═════ Records supplied

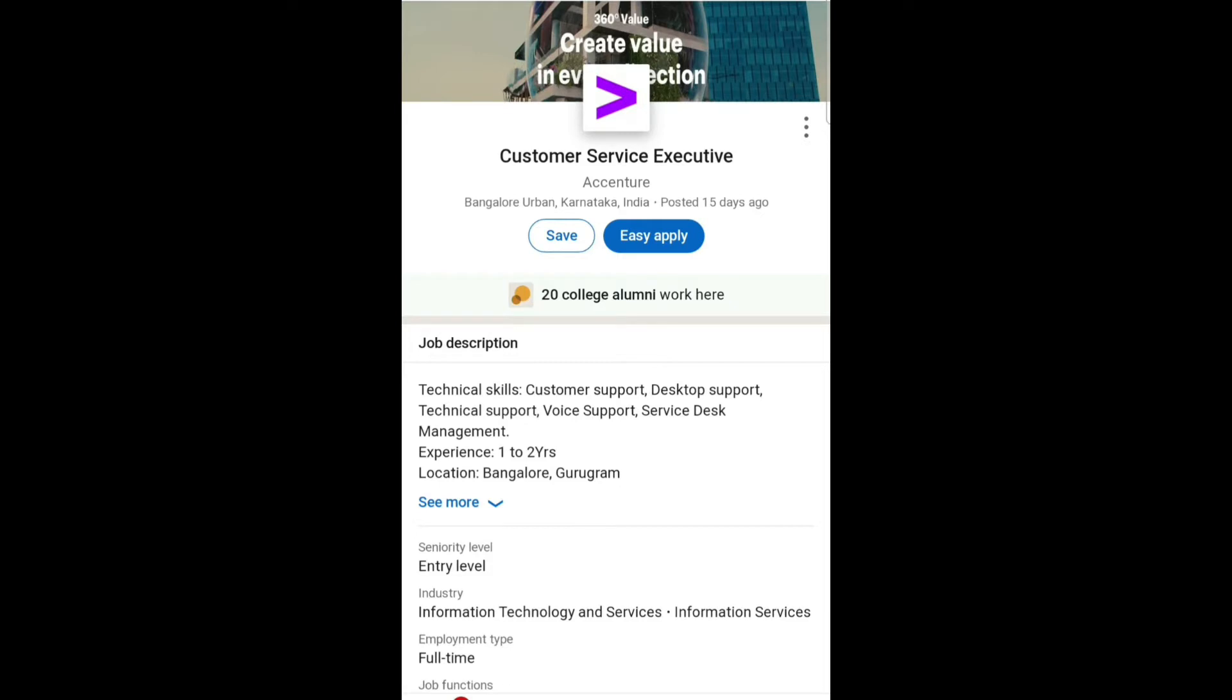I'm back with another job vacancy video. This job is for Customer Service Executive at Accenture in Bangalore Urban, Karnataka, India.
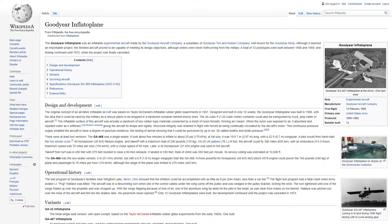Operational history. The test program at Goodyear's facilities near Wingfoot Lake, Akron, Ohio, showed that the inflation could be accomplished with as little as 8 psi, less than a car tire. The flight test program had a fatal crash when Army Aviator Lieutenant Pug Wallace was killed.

══════════
═════ Records supplied

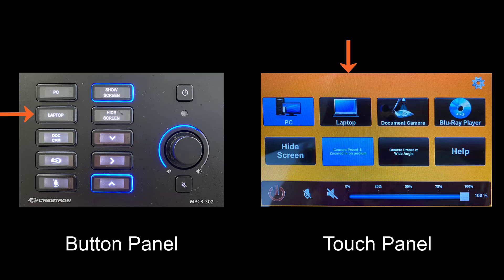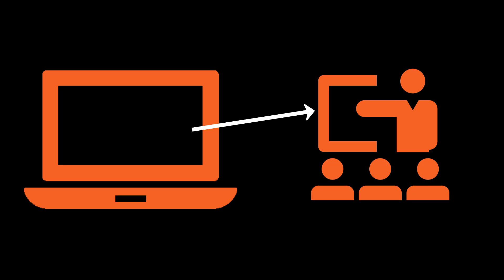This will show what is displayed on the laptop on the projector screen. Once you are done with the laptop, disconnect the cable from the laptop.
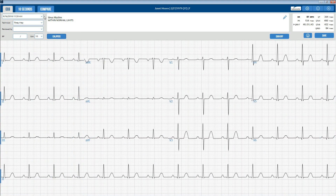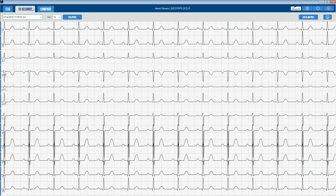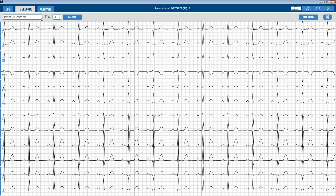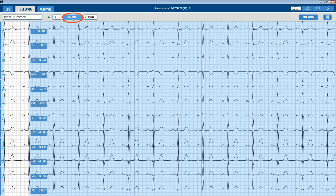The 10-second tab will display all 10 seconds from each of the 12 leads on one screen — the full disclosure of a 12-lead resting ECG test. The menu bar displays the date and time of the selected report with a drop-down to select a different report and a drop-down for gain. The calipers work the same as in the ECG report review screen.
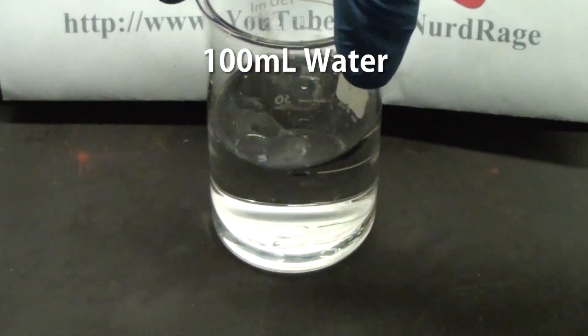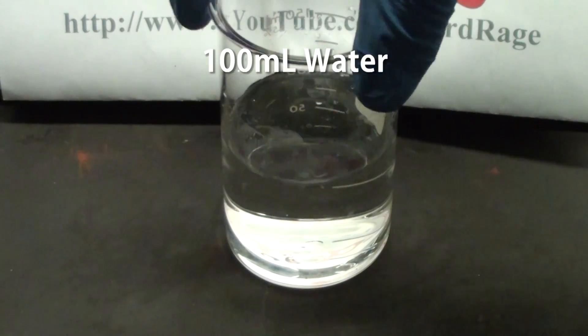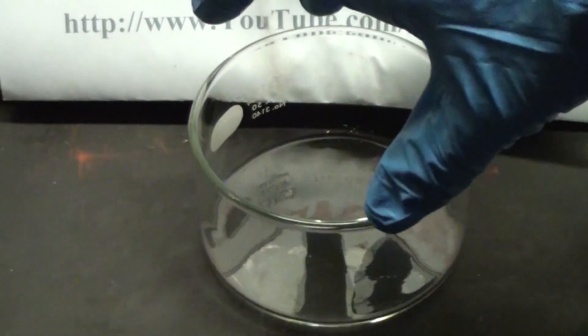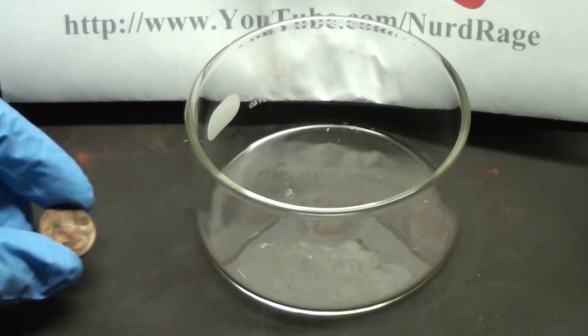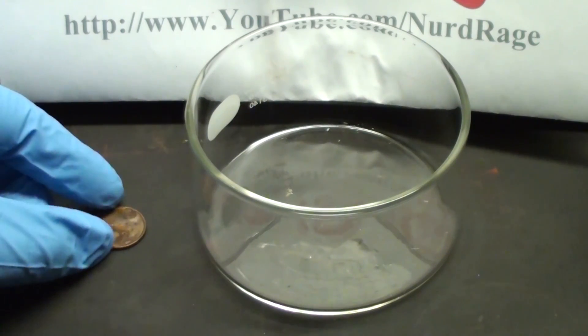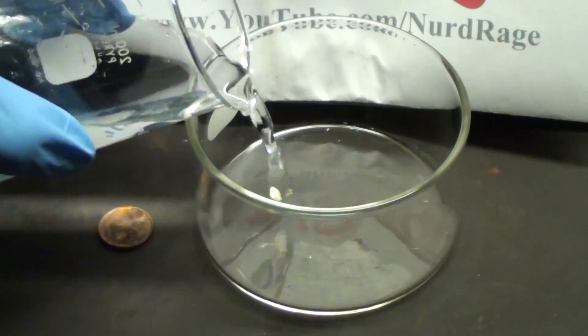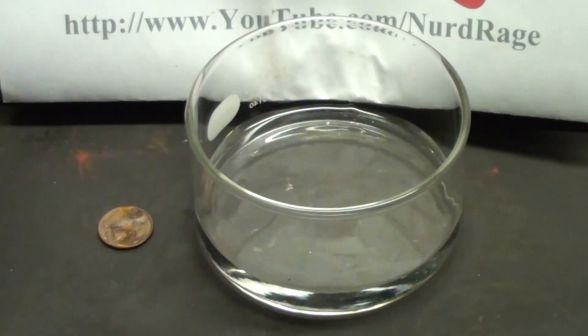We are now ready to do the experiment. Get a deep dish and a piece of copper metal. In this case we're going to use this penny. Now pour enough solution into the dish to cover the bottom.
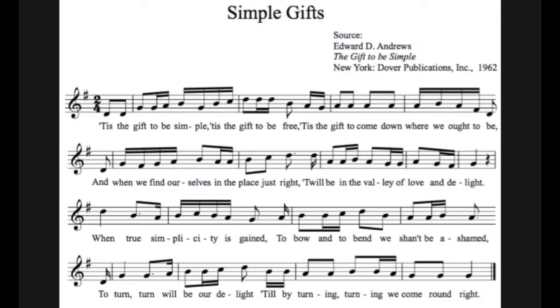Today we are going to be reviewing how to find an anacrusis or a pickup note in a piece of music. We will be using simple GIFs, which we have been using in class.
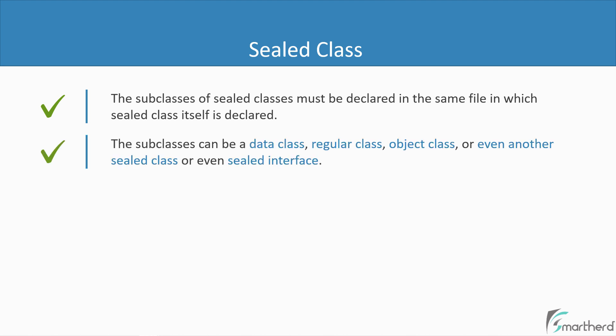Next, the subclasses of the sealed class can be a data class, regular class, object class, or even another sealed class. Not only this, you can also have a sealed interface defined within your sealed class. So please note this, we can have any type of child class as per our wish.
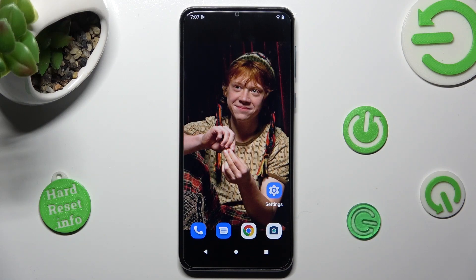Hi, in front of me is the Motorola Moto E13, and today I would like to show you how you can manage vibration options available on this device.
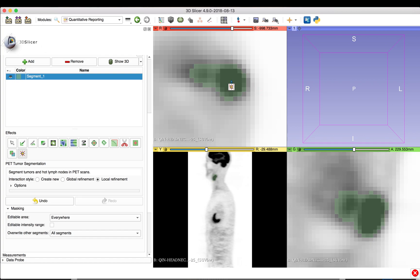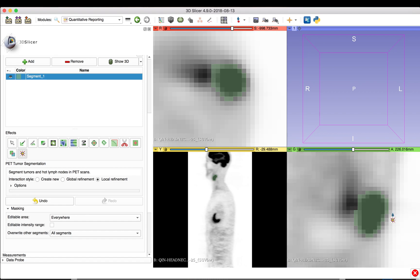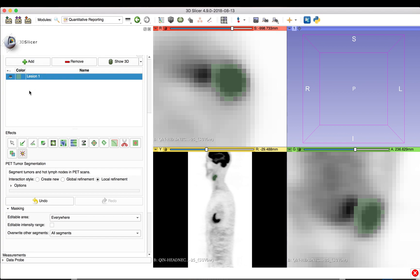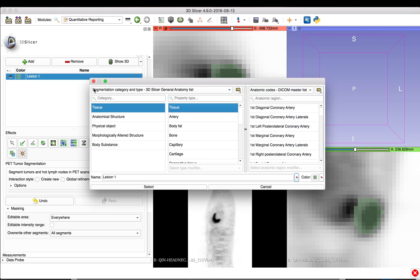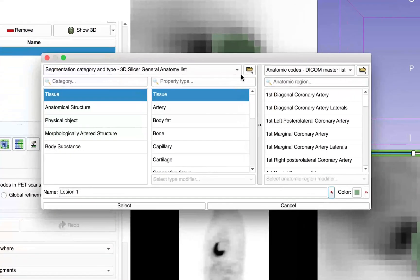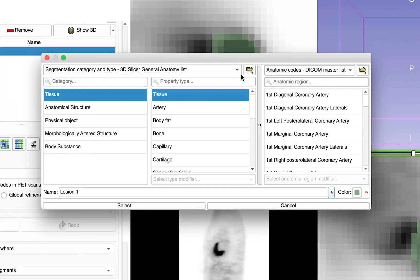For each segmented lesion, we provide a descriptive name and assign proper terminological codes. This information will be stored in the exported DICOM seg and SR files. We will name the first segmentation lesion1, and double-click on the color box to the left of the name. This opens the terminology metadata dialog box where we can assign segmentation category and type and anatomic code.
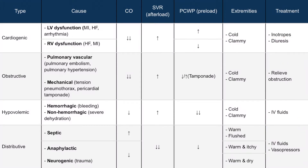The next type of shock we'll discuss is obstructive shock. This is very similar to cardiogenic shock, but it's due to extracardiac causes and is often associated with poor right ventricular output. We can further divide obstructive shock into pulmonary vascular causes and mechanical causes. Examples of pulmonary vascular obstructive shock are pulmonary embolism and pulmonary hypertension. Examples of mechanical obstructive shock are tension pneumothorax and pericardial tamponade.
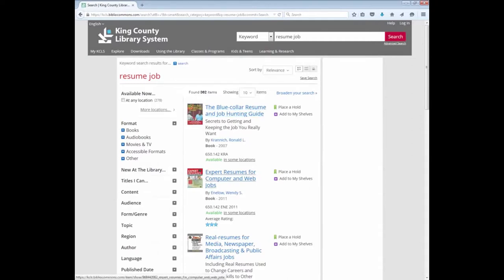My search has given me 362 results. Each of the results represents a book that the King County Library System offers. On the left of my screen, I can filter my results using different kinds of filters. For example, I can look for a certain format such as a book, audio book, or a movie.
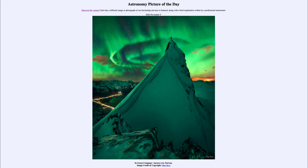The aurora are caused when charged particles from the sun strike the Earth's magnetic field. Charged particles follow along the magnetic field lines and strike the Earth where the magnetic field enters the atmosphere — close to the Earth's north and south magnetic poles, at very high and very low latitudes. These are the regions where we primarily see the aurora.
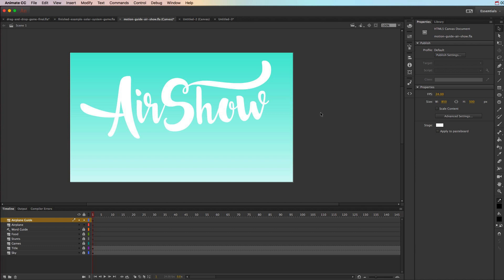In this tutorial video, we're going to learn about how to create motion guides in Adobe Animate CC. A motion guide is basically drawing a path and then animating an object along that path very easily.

══════════
═════ Records supplied

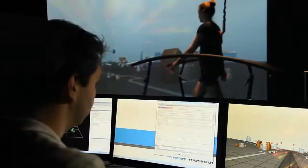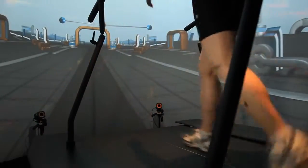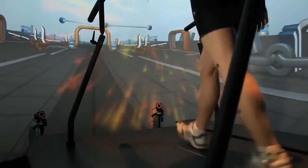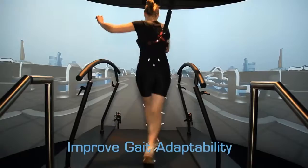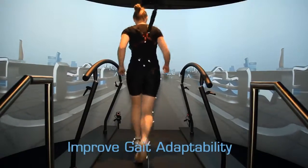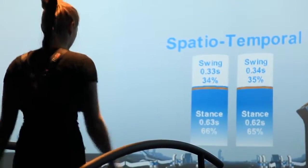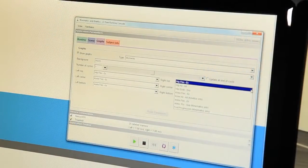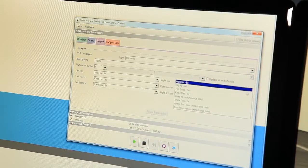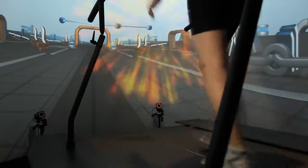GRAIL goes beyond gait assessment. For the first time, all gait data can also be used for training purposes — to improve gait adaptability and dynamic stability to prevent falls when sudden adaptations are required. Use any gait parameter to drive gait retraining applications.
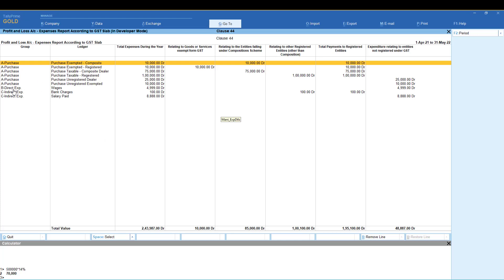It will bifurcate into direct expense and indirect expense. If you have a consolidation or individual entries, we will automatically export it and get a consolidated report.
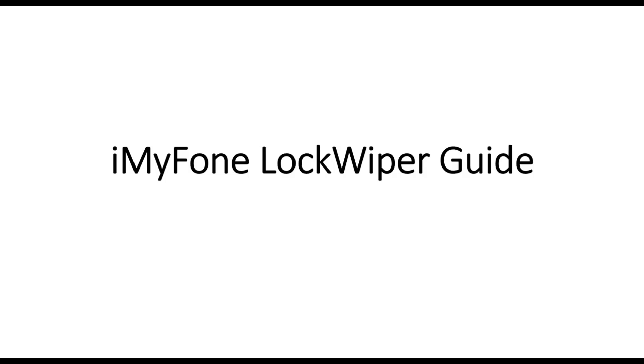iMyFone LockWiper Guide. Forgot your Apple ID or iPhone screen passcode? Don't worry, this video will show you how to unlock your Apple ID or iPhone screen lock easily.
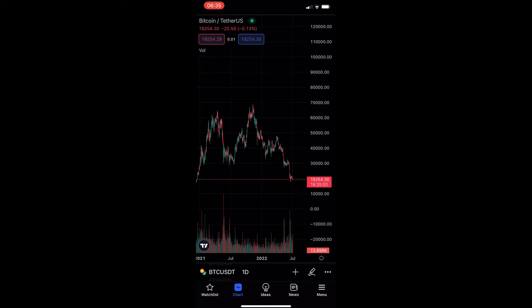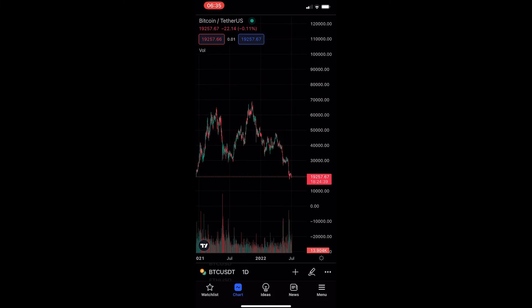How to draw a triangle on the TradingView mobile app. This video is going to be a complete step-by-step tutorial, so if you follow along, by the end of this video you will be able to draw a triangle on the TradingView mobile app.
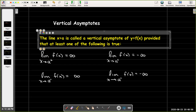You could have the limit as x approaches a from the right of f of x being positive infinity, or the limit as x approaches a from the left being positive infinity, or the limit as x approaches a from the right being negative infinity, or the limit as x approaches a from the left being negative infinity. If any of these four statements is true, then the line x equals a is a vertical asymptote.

══════════

Exact repeat of the material above: every line from the one with "The 10-second tab" through the one with "For each segmented", endpoints included, and nothing more. No pictures.

Answer to the problem:
The 10-second tab will display all 10 seconds from each of the 12 leads on one screen — the full disclosure of a 12-lead resting ECG test. The menu bar displays the date and time of the selected report with a drop-down to select a different report and a drop-down for gain. The calipers work the same as in the ECG report review screen.
We are now ready to do the experiment. Get a deep dish and a piece of copper metal. In this case we're going to use this penny. Now pour enough solution into the dish to cover the bottom.
Today we are going to be reviewing how to find an anacrusis or a pickup note in a piece of music. We will be using simple GIFs, which we have been using in class.
Next, the subclasses of the sealed class can be a data class, regular class, object class, or even another sealed class. Not only this, you can also have a sealed interface defined within your sealed class. So please note this, we can have any type of child class as per our wish.
Hi, in front of me is the Motorola Moto E13, and today I would like to show you how you can manage vibration options available on this device.
For each segmented lesion, we provide a descriptive name and assign proper terminological codes. This information will be stored in the exported DICOM seg and SR files. We will name the first segmentation lesion1, and double-click on the color box to the left of the name. This opens the terminology metadata dialog box where we can assign segmentation category and type and anatomic code.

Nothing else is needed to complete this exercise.